Data extracted from a collection
**********
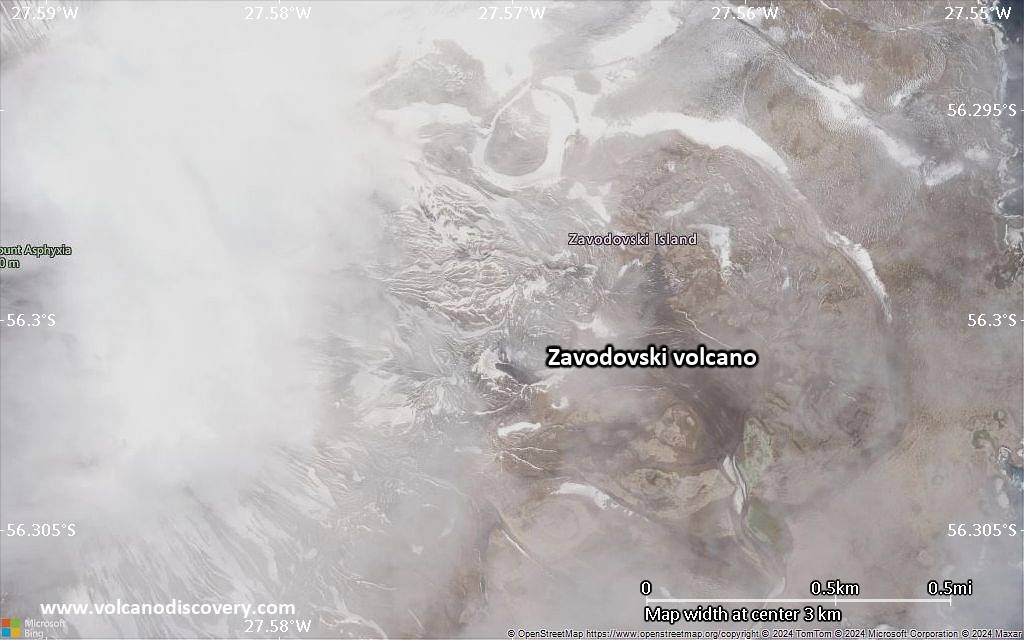 Satellite/aerial-type map of Zavodovski volcano (scale of few kilometers)
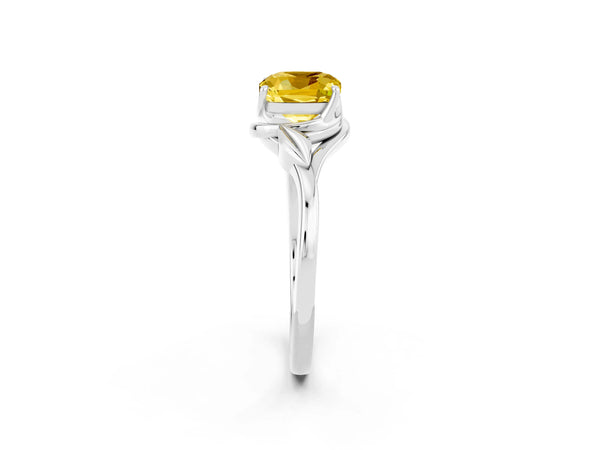 White gold Cushion Cut Yellow Sapphire Solitaire Ring with Twist Band and Four-Prong Setting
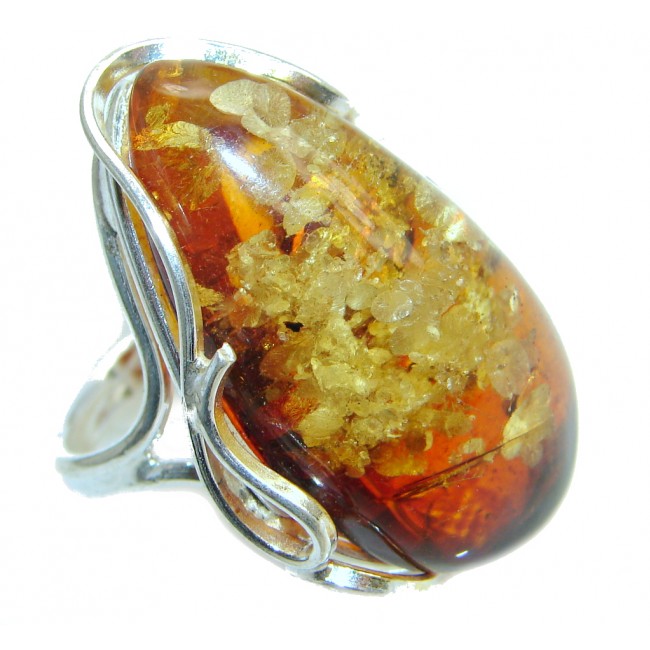 Chunky Genuine Baltic Polish Amber Sterling Silver handmade Ring size adjustable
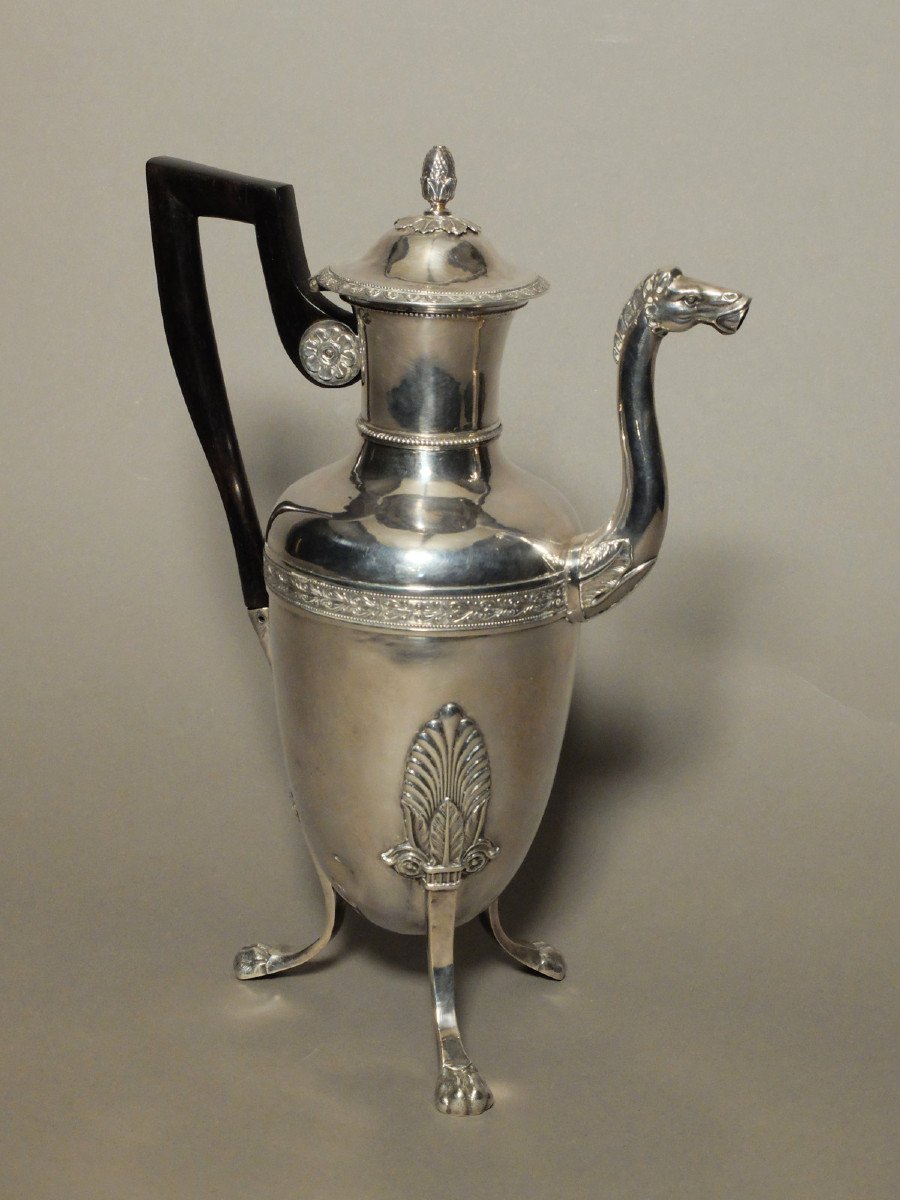 Solid Silver Jug With Horse's Head-photo-2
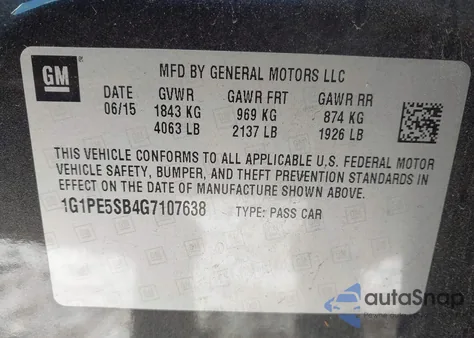 2016 Chevrolet Cruze Limited 1Lt Auto z USA, uszkodzony, nr VIN 1G1PE5SB4G7107638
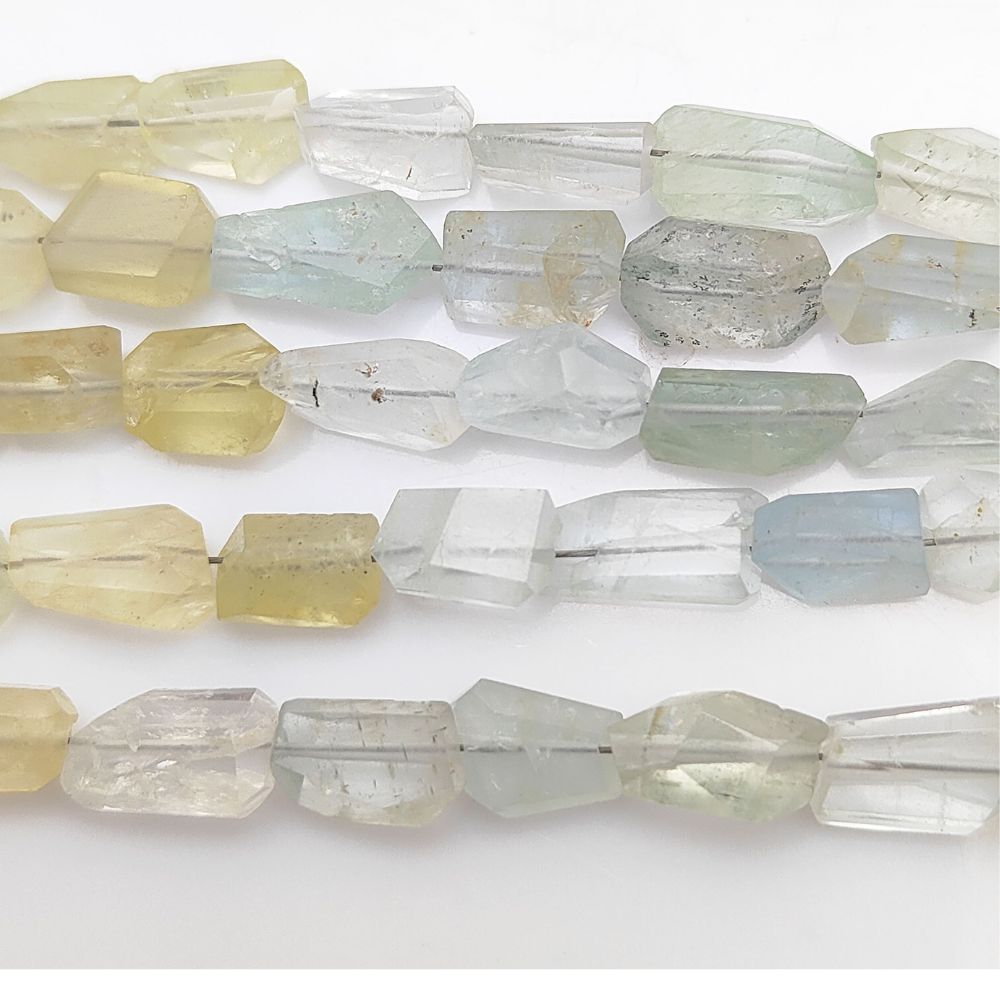 Aquamarine Faceted Nugget Beads 5-12mm Natural Gemstones for Handmade Jewelry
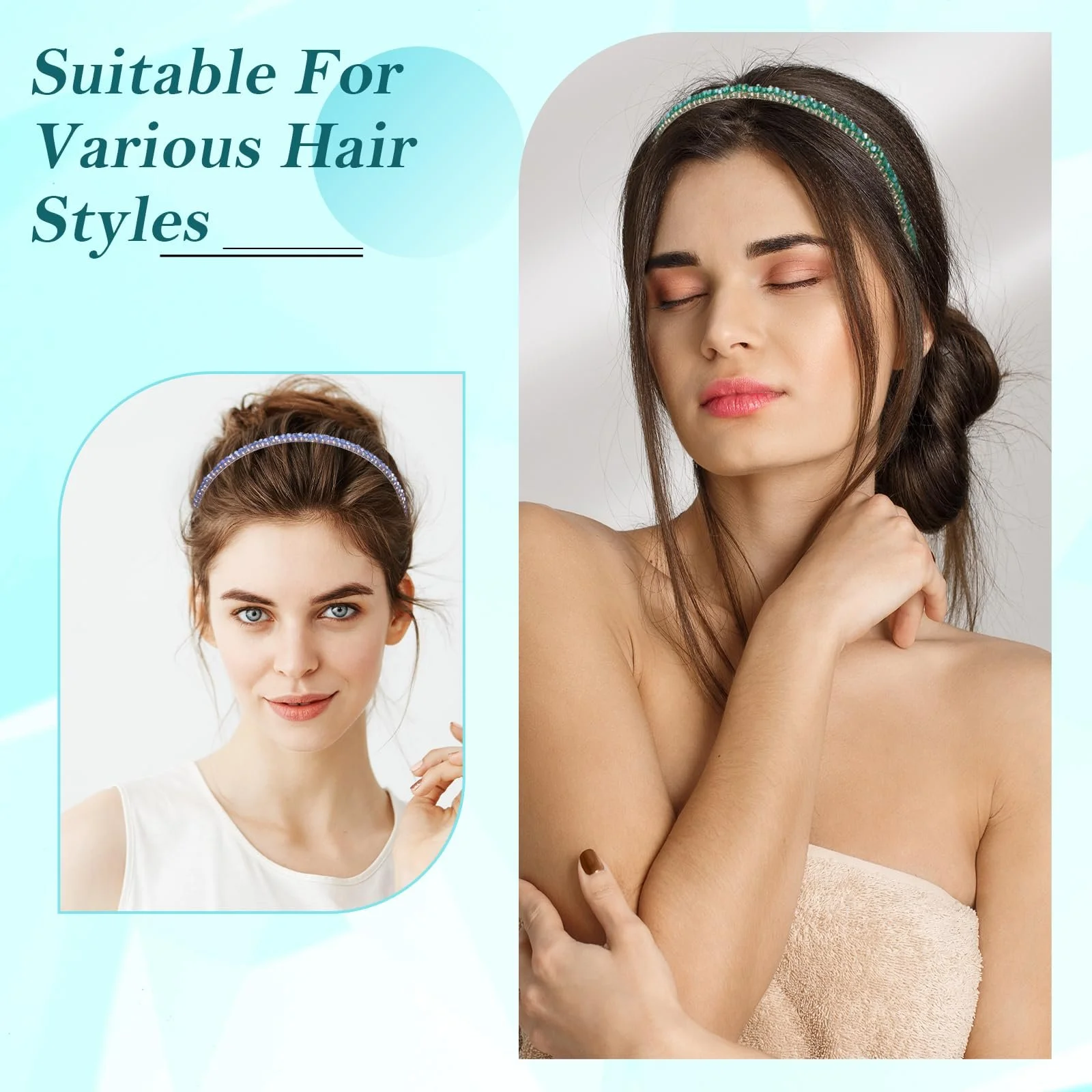 Набір з 4 жіночих обручів для волосся, фото №4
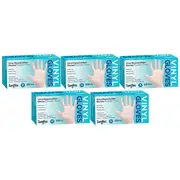 500pc Saniflex Vinyl Disposable Gloves Clear Size M Home Cleaning Work PPE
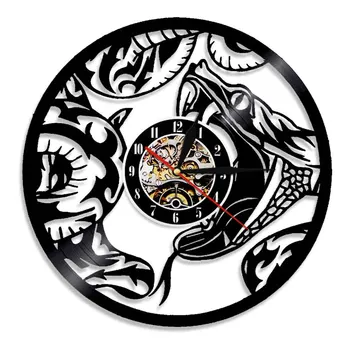 Стенен Винил часовници Terror Змия, модерен дизайн, Стенен часовник с животни, Табела, Висящи Часовници, Начало Декор, любим любители на дивата природа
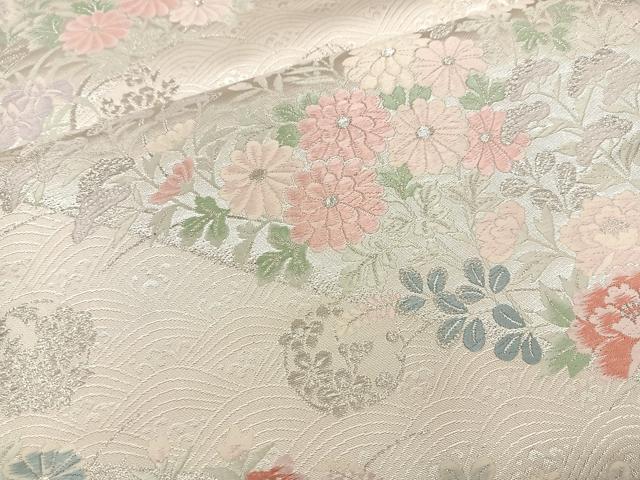 平和屋着物◎六通柄袋帯 唐織 草花文 銀糸 正絹 逸品 BAAS5487bs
**********
WHAT IS BEING ASKED:
What you give back should be exactly the lines from the top of the data above down to and including the line with "Chunky Genuine Baltic", minus any pictures.

RESPONSE:
 Satellite/aerial-type map of Zavodovski volcano (scale of few kilometers)
 White gold Cushion Cut Yellow Sapphire Solitaire Ring with Twist Band and Four-Prong Setting
 Chunky Genuine Baltic Polish Amber Sterling Silver handmade Ring size adjustable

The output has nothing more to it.